We were discussing the importance of Wait Time and Dr. Fuller described how he had run a small empirical test with some of his new teaching faculty. Concerned that medical faculty, like most teachers, typically wait less than a second after asking a question before taking and answer, he asked his new faculty members to teach something interesting and informal to a group of volunteer medical school students. He taped them. And he measured their wait time (it was about a second). He also measured the number of words students used in answering questions. And he coded the questions and their answers according to Bloom’s Taxonomy.

Then he discussed the importance of Wait Time with his teachers and offered training. And then he re-taped and re-measured. He found that wait time went up to about 3.5 seconds. And the number of words in a typical student answer tripled. And answers were more likely to be higher on Bloom’s Taxonomy. Pretty incredible stuff in terms of intentionality, empiricism, and the focus on the craft of teaching. What amazing data gathering and training.

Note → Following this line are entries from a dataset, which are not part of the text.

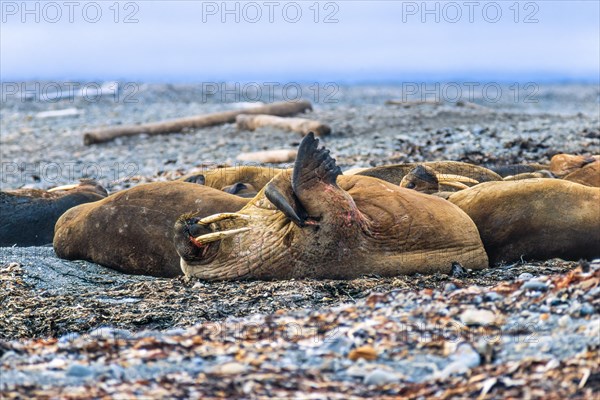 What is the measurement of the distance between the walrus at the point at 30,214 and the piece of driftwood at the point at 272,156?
4.56 metres

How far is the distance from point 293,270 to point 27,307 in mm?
1914

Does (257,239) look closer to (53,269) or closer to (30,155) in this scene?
(53,269)

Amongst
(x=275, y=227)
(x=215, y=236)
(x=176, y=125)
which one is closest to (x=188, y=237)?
(x=215, y=236)

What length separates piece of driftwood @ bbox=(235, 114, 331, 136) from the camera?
59.0 feet

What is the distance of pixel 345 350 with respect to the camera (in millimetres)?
5227

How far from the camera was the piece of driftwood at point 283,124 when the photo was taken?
59.0 ft

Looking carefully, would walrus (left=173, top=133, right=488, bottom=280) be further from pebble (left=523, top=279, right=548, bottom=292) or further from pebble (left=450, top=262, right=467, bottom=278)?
pebble (left=523, top=279, right=548, bottom=292)

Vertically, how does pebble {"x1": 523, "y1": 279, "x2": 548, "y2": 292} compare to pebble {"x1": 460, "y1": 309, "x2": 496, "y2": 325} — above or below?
above

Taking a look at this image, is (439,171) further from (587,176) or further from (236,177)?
(236,177)

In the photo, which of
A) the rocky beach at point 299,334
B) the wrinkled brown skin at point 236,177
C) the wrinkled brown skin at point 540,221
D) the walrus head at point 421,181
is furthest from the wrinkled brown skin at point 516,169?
the rocky beach at point 299,334

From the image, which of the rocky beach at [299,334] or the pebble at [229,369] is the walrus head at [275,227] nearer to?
the rocky beach at [299,334]

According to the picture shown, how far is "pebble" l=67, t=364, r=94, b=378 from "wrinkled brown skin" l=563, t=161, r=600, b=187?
6077 mm

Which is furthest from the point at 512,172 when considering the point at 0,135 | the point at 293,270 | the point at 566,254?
the point at 0,135

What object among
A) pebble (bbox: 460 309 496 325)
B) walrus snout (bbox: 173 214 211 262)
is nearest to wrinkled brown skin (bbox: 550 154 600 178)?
walrus snout (bbox: 173 214 211 262) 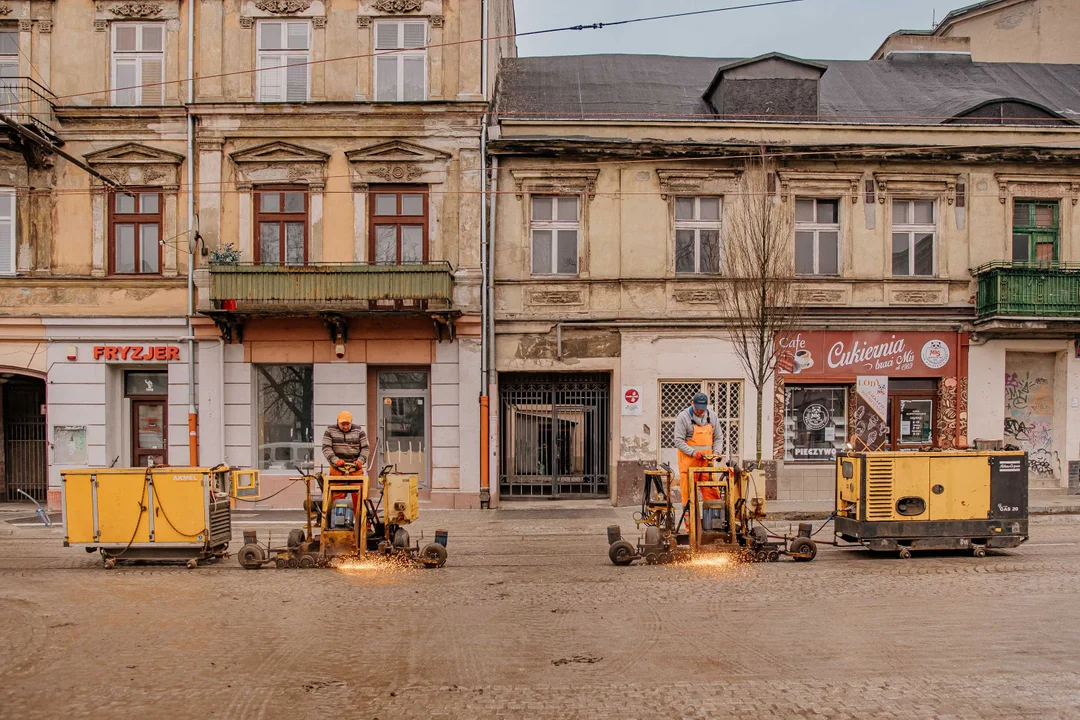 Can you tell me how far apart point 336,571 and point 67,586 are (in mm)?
2918

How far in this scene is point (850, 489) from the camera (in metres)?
10.9

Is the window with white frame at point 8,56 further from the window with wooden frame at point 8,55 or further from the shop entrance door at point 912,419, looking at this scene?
the shop entrance door at point 912,419

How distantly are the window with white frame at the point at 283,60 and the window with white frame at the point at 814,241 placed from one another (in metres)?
10.8

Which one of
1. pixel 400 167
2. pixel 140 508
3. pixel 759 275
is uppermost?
pixel 400 167

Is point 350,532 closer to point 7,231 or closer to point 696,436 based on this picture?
point 696,436

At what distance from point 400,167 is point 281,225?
279 centimetres

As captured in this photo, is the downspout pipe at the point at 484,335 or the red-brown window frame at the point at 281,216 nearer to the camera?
the downspout pipe at the point at 484,335

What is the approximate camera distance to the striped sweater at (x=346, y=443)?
10406mm

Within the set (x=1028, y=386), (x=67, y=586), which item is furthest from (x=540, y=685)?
(x=1028, y=386)

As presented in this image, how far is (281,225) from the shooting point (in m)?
17.4

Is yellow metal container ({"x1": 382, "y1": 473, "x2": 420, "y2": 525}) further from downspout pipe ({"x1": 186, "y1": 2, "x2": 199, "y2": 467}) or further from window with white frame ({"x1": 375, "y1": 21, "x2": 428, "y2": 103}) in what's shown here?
window with white frame ({"x1": 375, "y1": 21, "x2": 428, "y2": 103})

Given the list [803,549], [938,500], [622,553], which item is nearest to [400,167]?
[622,553]

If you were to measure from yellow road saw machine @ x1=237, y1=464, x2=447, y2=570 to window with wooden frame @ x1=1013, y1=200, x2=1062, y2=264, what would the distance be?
1464 cm

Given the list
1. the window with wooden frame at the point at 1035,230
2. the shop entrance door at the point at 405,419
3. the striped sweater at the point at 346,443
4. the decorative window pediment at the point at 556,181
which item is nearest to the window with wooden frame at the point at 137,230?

So what’s to stew about? Well, it’s hard not to wonder about Dr. Fuller’s respect for and investment in the craft of teaching, his use of data to drive results, in light of what we do in the teaching profession more broadly. Do schools of education do this with their faculties (or students)? Do schools and districts do this? Medical educators, I am happy to say–as a consumer of the work of medical students-become-doctors–take the nuts and bolts craft of teaching part of their work as seriously as the medical part, at least if Greenville Hospital System is any indication. It reminded me of the intentionality about teaching among the faculty at my Business School… teachers discussed their methods, videotaped themselves, gathered data, developed shared teaching notes.

I wonder if the teaching profession sometimes more interested in reflections on teaching–what it means, how it’s judged, what it’s philosophies are–than the nuts and bolts craft of teaching. If you walked across the street from the Medical School to the School of Education would you see the same rigorous approach to the craft???